Find the line with "Akrapovic Slip-On Exhaust" and the line with "1 bedroom apartment" in the entries below; output exactly those two lines, every line between them, and no others.

■ Raw data
* * *

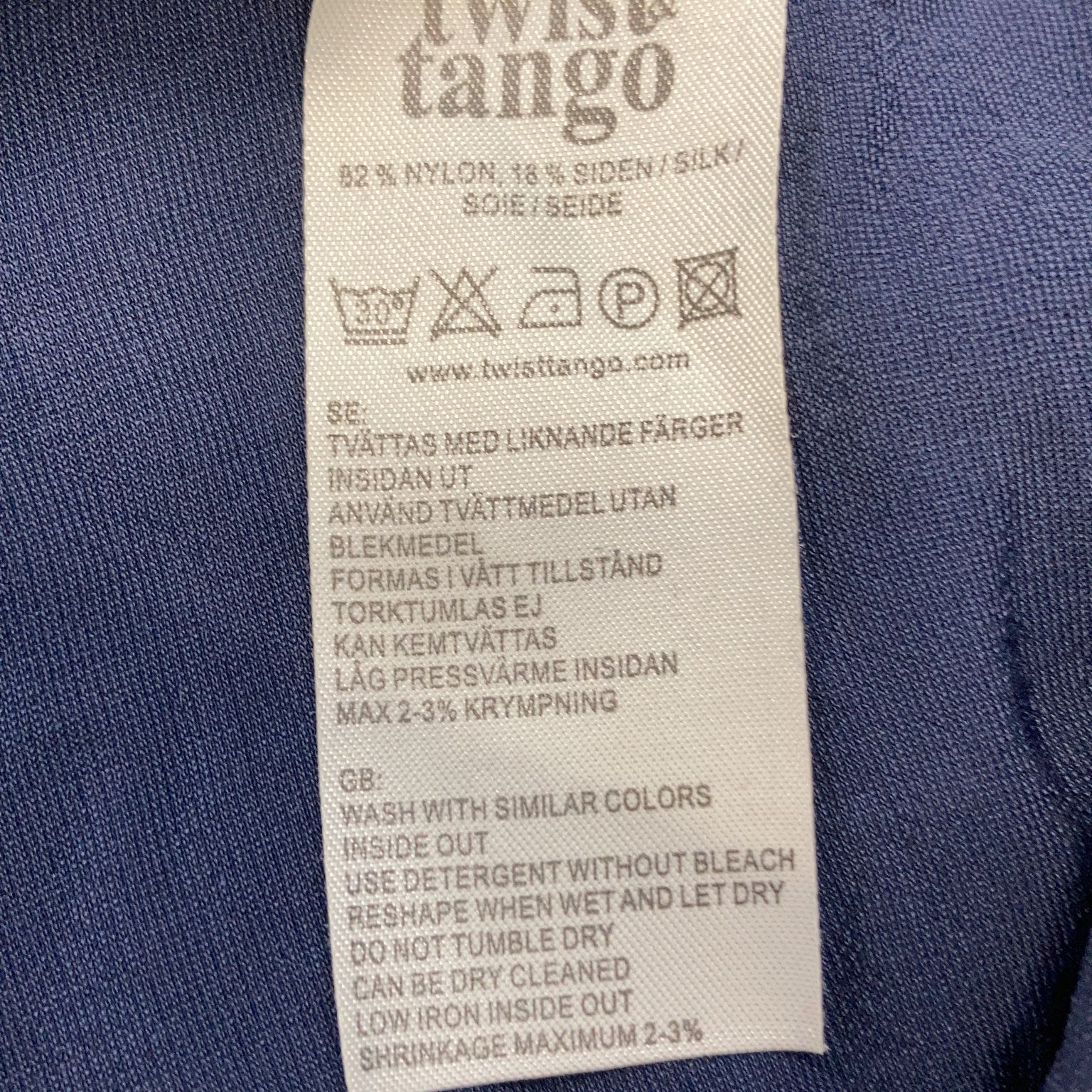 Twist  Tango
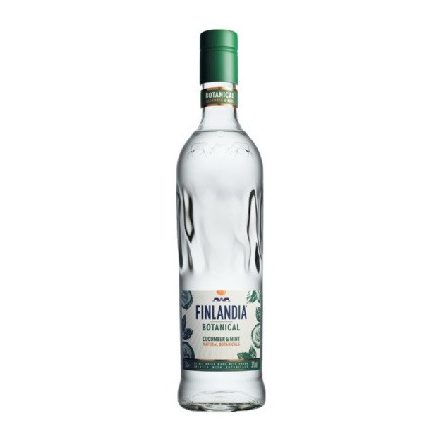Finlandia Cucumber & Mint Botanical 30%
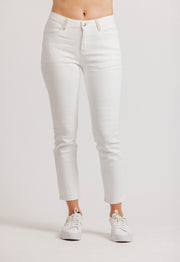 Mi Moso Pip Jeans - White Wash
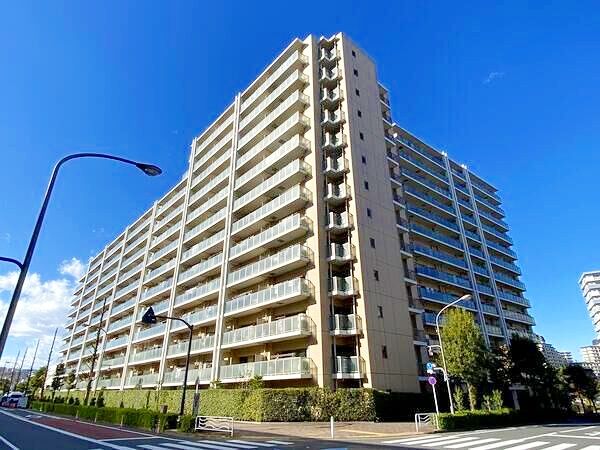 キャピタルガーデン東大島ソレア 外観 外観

* * *

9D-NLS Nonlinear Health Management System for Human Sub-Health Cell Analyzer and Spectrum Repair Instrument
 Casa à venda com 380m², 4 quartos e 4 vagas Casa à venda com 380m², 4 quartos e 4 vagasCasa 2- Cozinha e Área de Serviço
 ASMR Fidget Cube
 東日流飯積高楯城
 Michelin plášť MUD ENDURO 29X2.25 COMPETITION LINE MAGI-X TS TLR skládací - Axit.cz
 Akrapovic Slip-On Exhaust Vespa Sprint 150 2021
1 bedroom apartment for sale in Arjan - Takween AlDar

* * *

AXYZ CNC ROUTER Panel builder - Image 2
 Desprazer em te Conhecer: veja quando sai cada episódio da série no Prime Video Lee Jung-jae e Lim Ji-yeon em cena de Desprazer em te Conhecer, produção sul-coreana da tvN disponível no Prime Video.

* * *

■ Finished exercise
 Akrapovic Slip-On Exhaust Vespa Sprint 150 2021
1 bedroom apartment for sale in Arjan - Takween AlDar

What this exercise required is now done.